The rental situation in New York is really interesting. They have rent-controlled apartments, and rent-stabilized apartments. So what’s the difference?
According to the New York City Rent Guidelines Board (RGB), rent-controlled apartments are those constructed before February 1947. The tenant (or lawful beneficiary) must have occupied the unit since July 1, 1971. Conversely, rent-stabilized apartments are generally those built between February 1, 1947 and January 1, 1974. The rent is capped yearly. However, if the rent exceeds $2,500 following vacancy, the unit may be deregulated.
And those are the general guidelines. There are a whack of exceptions that would give me apoplexy if I was a New Yorker.
So what is the average rent in New York? According to Rent Jungle, the average rent for a one bedroom apartment in NYC is $2800 a month, and a two-bedroom is over $3,000 a month. I’m surprised New York isn’t a vacant wasteland. How do working stiffs afford living there?
Let’s take a look at some apartments in the cheapest part of New York, from a rental standpoint: the Upper East Side.
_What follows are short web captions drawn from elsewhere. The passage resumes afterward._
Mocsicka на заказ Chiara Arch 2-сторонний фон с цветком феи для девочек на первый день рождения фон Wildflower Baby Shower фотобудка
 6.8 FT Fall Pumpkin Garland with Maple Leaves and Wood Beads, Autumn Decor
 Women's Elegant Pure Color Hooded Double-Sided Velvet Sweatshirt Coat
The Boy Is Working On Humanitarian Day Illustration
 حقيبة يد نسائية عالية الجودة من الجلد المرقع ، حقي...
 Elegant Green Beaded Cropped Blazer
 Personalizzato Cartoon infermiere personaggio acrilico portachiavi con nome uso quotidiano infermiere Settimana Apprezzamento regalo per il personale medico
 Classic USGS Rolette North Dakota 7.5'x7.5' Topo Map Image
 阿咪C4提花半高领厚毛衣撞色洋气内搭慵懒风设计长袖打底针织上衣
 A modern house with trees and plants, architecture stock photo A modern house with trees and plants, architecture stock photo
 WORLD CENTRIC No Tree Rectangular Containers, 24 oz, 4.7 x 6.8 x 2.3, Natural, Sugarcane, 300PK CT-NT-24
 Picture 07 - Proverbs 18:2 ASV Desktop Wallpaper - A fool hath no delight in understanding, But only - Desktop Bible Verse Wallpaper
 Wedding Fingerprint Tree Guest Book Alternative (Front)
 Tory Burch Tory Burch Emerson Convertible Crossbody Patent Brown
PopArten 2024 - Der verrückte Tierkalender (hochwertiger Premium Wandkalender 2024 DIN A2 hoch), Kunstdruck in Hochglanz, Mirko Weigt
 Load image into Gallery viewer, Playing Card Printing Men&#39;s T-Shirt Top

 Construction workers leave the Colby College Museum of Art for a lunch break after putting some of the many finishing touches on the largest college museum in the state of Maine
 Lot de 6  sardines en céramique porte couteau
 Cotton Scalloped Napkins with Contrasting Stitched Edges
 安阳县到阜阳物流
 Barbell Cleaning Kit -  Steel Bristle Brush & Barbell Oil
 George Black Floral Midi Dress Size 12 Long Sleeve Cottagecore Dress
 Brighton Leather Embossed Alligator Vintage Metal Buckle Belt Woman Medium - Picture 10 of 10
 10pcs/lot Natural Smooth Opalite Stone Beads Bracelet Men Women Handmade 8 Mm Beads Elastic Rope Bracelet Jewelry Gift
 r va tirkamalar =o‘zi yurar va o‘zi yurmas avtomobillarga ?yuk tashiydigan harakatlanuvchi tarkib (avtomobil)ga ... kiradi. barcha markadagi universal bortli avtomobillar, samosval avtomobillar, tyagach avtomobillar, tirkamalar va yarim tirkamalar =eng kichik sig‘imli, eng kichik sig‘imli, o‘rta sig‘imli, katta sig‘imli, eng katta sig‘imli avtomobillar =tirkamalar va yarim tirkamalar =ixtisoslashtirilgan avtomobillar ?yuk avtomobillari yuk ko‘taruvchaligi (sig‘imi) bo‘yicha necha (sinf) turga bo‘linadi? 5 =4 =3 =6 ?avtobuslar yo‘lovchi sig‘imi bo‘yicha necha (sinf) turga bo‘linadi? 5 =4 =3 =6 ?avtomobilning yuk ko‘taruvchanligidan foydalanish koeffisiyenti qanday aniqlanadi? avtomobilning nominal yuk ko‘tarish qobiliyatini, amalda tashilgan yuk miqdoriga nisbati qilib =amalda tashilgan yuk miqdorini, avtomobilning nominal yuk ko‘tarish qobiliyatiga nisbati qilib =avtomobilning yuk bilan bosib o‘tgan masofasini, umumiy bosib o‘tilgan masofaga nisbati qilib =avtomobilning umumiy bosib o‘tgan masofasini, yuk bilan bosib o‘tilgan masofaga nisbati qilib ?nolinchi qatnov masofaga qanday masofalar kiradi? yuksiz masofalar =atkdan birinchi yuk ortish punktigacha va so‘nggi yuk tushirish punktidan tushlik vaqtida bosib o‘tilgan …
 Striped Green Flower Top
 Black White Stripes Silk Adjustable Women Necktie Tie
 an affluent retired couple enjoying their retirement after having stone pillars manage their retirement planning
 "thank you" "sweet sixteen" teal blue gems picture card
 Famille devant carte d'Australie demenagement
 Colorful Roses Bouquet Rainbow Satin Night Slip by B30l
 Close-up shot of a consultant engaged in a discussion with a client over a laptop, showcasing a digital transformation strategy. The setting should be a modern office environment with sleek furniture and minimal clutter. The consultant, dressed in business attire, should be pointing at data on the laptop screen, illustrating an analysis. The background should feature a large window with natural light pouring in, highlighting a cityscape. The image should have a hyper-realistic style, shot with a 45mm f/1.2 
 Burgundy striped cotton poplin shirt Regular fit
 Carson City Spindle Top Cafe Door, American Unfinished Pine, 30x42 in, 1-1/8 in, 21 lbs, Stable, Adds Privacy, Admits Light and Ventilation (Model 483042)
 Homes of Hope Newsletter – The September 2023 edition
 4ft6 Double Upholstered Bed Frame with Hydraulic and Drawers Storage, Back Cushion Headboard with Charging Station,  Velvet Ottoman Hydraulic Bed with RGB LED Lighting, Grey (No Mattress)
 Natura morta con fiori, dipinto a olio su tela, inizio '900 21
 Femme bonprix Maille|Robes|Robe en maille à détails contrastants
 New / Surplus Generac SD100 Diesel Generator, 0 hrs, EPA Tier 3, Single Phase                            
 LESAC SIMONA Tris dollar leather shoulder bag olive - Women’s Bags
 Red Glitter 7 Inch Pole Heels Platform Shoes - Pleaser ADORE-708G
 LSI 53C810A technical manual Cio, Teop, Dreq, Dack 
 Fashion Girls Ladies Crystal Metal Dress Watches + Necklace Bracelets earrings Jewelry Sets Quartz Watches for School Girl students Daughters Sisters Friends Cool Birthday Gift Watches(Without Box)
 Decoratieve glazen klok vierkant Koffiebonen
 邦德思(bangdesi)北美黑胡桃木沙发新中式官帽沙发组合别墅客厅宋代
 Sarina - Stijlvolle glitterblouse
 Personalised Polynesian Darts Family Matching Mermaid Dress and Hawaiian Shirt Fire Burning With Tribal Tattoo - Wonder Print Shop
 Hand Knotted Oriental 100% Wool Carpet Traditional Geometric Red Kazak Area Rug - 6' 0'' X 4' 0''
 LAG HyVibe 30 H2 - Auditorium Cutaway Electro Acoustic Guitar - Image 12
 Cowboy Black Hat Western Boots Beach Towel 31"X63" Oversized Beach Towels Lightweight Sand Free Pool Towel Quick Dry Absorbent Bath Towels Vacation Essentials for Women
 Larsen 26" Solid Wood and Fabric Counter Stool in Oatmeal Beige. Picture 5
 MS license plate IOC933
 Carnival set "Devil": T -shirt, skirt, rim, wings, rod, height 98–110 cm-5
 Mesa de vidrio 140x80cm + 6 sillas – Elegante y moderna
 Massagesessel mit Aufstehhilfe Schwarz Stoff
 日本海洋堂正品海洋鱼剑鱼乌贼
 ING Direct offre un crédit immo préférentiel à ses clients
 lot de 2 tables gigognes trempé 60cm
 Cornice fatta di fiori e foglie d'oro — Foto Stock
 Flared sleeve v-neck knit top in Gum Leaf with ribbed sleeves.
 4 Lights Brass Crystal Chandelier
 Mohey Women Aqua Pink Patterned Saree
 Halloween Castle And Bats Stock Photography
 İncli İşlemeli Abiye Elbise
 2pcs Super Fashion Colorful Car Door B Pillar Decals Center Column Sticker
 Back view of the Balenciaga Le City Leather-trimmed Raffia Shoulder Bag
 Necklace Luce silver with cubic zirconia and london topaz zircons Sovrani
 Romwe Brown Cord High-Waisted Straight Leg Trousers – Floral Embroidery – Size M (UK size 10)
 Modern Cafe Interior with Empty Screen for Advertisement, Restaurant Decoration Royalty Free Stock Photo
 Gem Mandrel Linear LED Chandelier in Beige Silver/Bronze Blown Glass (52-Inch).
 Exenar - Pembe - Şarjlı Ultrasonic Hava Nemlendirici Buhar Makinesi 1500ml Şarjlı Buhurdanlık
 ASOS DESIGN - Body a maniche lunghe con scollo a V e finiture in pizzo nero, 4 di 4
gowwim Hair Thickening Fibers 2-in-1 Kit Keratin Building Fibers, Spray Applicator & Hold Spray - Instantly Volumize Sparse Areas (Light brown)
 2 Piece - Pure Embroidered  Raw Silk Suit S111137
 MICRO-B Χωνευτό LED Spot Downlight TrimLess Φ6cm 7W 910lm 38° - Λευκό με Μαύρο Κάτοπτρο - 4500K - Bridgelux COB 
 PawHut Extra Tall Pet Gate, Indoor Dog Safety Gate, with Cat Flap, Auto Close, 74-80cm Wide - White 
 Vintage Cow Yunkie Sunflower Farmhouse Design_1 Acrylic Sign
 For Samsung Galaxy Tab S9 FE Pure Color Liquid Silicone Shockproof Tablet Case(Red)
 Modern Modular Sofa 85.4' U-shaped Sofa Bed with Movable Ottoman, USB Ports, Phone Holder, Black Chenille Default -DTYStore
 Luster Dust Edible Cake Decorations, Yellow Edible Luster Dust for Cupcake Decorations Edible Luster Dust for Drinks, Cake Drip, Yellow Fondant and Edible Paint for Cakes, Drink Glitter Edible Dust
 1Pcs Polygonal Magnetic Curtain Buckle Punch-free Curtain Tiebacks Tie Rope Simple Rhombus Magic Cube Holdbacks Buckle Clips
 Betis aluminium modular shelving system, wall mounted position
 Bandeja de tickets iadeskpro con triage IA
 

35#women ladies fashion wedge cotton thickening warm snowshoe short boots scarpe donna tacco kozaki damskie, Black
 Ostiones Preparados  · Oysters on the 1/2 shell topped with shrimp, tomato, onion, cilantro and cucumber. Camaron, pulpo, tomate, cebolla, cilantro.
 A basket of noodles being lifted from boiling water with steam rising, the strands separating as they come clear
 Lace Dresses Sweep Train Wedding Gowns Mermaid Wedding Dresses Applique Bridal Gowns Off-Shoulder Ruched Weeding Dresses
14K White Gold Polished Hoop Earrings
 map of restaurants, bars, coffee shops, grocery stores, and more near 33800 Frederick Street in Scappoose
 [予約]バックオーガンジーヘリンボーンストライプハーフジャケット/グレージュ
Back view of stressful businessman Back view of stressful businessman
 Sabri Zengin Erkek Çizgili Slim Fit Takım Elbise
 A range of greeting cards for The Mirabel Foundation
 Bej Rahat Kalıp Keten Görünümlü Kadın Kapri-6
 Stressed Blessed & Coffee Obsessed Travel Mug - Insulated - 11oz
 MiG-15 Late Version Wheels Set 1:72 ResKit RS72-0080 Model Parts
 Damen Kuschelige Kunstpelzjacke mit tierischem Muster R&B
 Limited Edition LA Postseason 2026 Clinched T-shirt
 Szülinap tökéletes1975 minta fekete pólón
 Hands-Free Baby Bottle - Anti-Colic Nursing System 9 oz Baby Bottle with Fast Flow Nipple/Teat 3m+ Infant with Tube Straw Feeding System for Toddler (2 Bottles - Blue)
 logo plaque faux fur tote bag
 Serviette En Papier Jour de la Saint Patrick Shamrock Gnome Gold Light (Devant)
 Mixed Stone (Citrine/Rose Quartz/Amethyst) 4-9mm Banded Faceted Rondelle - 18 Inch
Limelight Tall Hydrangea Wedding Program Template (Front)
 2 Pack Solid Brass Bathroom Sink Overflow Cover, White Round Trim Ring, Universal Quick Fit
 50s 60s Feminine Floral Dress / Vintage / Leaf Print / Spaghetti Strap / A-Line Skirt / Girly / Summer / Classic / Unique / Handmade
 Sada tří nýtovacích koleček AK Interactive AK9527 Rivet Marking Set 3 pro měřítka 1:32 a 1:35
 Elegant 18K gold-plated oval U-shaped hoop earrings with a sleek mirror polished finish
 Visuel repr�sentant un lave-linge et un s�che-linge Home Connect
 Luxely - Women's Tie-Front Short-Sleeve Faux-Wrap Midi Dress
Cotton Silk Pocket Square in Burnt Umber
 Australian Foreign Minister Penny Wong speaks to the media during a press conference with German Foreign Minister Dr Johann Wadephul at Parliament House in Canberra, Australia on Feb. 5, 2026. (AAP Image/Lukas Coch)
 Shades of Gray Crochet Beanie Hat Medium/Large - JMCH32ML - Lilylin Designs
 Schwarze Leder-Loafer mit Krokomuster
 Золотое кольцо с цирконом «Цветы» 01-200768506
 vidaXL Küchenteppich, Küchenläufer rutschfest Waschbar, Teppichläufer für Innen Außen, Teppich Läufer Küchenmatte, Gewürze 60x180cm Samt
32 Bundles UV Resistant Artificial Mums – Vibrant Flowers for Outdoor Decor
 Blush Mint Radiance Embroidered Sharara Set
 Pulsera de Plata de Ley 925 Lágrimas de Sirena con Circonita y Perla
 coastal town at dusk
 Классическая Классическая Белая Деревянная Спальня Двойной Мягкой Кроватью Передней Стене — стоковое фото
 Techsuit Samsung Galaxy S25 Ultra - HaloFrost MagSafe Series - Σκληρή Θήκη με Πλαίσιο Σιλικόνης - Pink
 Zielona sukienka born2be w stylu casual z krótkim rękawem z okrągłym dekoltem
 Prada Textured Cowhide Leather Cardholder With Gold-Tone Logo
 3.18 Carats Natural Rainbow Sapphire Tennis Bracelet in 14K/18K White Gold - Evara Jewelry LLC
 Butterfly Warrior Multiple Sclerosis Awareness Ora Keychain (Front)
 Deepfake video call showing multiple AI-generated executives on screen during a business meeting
Here’s a studio for $1795 a month, slightly under the usual $1800:
So if your living expenses (rent and utilities) shouldn’t exceed 30% of your monthly income, the monthly income for this unit should be at least $5000 for a single occupant or $2500 for double occupancy. However, if you’re a cabbie in NYC (and there are a lot of those) your salary is likely around the $30,000 mark.
It must be really hard to find an apartment you can afford in New York if you’re a cab driver.